(Short text fragments from websites)
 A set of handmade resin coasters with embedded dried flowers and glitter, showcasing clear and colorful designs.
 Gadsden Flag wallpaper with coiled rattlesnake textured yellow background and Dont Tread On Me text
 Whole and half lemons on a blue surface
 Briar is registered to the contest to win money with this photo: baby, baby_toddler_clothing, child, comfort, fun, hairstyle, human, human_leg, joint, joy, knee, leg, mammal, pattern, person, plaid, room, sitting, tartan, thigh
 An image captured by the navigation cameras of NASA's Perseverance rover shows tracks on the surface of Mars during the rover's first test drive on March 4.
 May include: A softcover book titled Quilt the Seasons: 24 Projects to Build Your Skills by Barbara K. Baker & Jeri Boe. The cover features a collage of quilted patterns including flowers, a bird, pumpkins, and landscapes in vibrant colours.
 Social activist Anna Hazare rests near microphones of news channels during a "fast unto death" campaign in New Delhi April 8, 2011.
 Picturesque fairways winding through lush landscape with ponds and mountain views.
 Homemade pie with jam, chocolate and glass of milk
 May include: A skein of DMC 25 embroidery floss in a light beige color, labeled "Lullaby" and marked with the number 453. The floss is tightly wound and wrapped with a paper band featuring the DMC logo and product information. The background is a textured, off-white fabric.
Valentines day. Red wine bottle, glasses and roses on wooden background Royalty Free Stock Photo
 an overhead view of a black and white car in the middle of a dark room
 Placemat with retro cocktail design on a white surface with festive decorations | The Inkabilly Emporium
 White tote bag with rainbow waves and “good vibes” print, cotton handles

**WORK TASK**: Pull every line containing "flowers" from the data.

**RESPONSE BOX**:
 A set of handmade resin coasters with embedded dried flowers and glitter, showcasing clear and colorful designs.
 May include: A softcover book titled Quilt the Seasons: 24 Projects to Build Your Skills by Barbara K. Baker & Jeri Boe. The cover features a collage of quilted patterns including flowers, a bird, pumpkins, and landscapes in vibrant colours.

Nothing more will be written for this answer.